Research from prepaid card specialist Caxton FX claims Britons will have wasted a staggering £160 million in debit or credit charges while holidaying abroad this year. Some 40% of holidaymakers opt to pay for goods in pounds when using their debit or credit card instead of the local currency, exposing themselves to poor exchange rates and extra charges of 4%.
More than one-quarter of the 18 to 24-year-olds surveyed (18% overall) admitted that they wouldn't know which currency to choose when given the option.
James Hickman, managing director of Caxton FX, said: "The number of people getting caught out by dynamic currency conversion (DCC) has actually increased in the past year.

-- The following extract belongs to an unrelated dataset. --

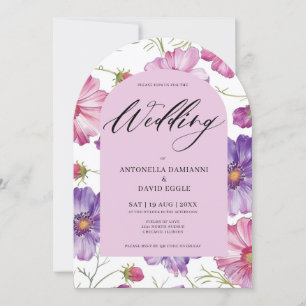Modern Pink Purple Floral Blossom  QR Code Wedding Invitation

An extra 4% charge on every transaction could add up to some serious cash over the course of a holiday and some rather surprising bank statements upon return to the UK."
The research revealed some 15% of holidaymakers take the risk on local exchange rates, and change currency after they reach their destination, while 26% use their debit card overseas.

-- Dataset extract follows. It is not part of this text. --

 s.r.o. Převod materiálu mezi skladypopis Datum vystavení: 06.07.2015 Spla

Hickman said: "Using your debit card abroad could expose you to a charge from your bank on every transaction, on top of a less-than-favourable exchange rate. Additionally, using ATMs at the destination airport or changing money at your resort are some of the worst options for consumers. Usually, the exchange rate will be very poor and each withdrawal can cost upwards of £1.50."
He added: "Using a prepaid currency card will help ensure you get a good rate and allow you to budget more efficiently. However, if you do find you need to use your debit card abroad, make sure you're withdrawing large sums to avoid the flat fees per withdrawal."
The research also found 15% of adults are not confident enough in their maths skills to calculate how much they are spending in a foreign currency when abroad – with 10% of men admitting as much, compared to 20% of women.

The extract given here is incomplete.